Recorded data >>
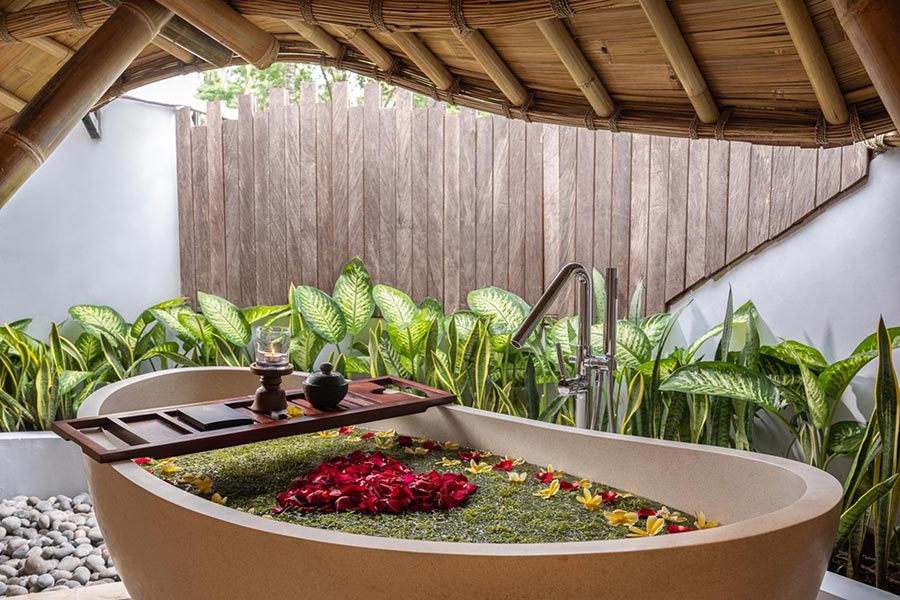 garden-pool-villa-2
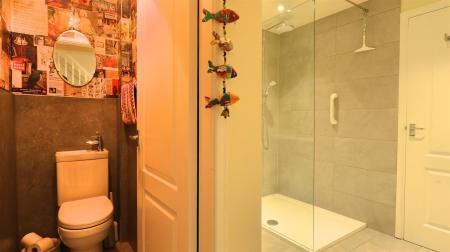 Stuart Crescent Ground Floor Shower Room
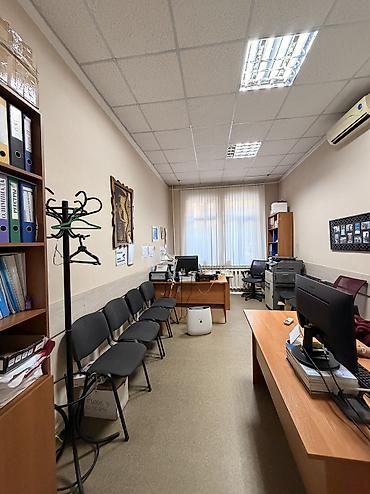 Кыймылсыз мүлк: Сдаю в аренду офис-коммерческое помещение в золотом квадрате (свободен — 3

==

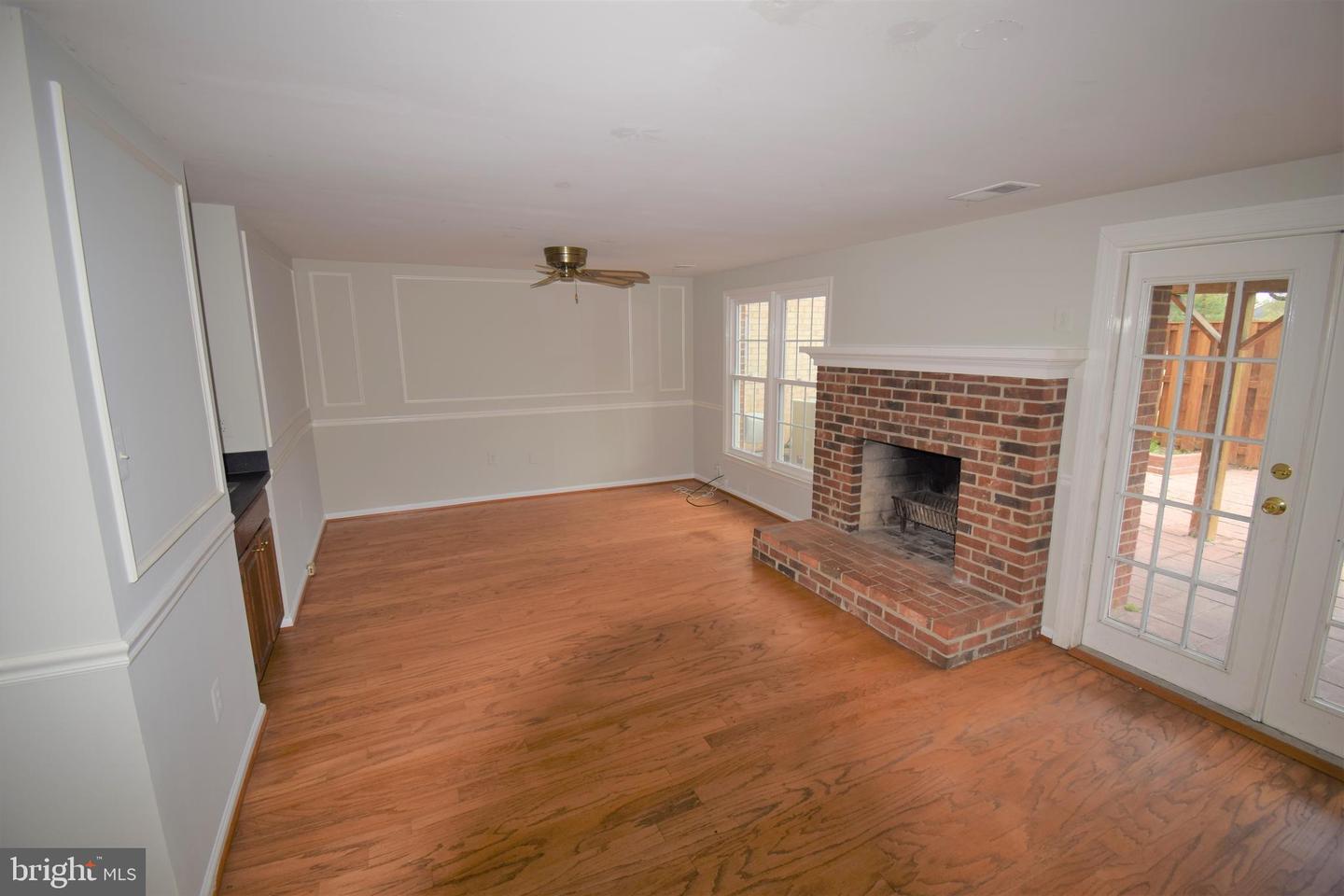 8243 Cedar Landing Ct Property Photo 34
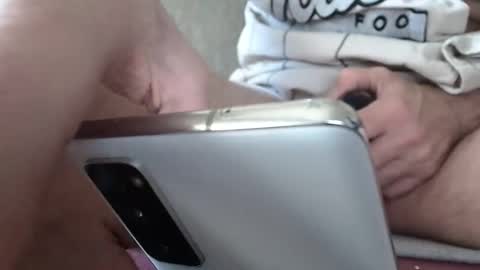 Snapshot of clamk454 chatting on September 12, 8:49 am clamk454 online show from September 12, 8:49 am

* * *

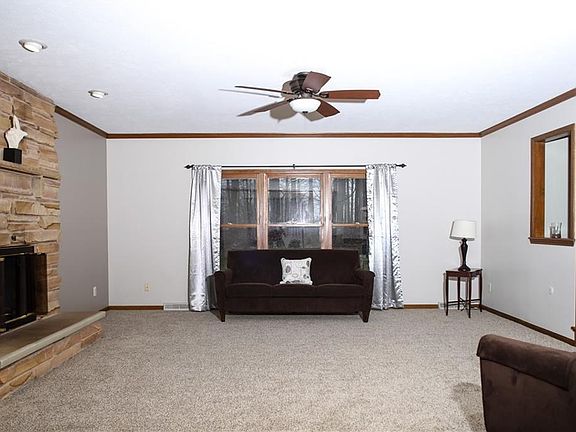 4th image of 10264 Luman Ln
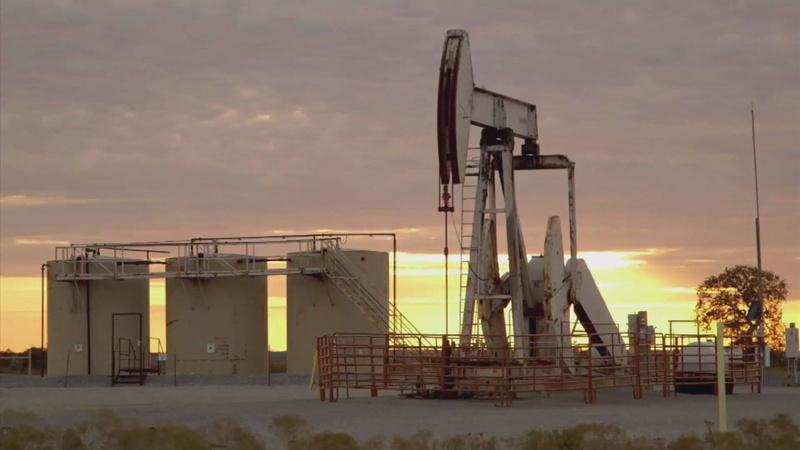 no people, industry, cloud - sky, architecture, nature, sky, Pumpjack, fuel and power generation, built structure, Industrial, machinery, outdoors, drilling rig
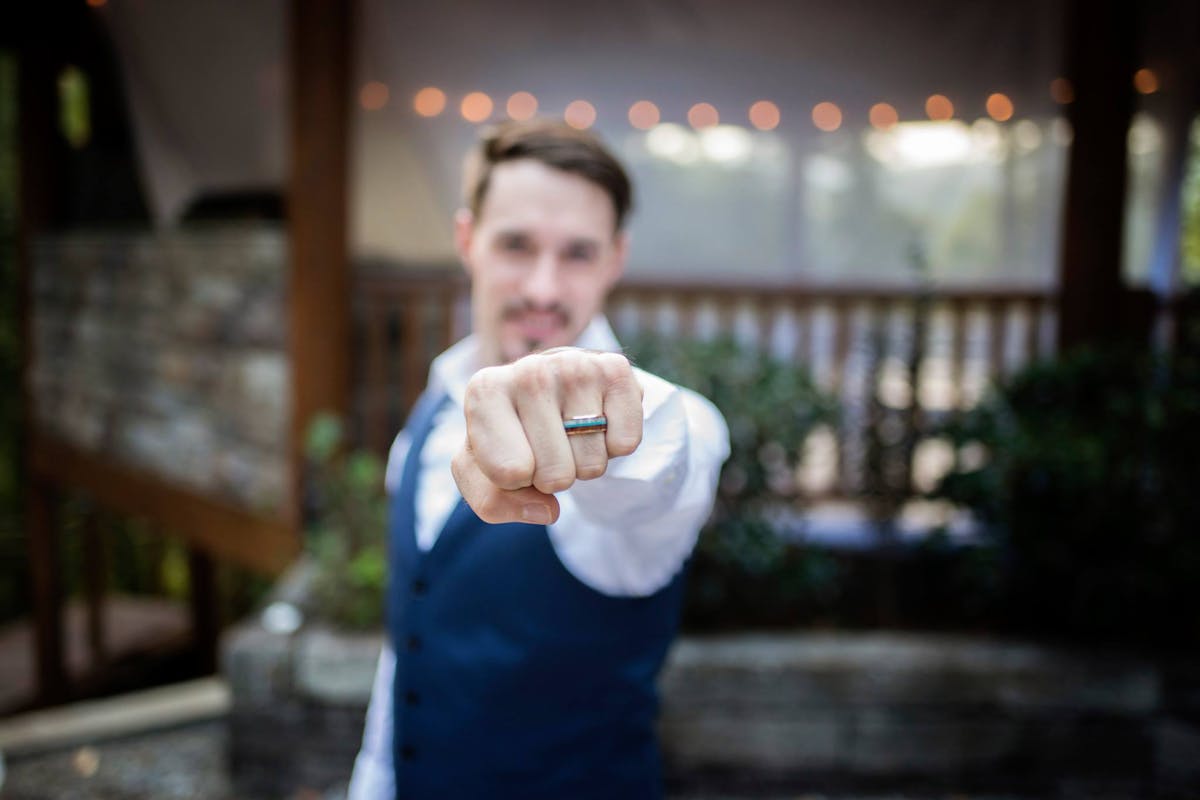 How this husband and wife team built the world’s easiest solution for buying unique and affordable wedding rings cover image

What the task asks >> Print exactly the lines above that run from the one with "4th image of 10264 Luman Ln" down to the one with "How this husband", and omit the pictures.

Answer for this exercise >>
 4th image of 10264 Luman Ln
 no people, industry, cloud - sky, architecture, nature, sky, Pumpjack, fuel and power generation, built structure, Industrial, machinery, outdoors, drilling rig
 How this husband and wife team built the world’s easiest solution for buying unique and affordable wedding rings cover image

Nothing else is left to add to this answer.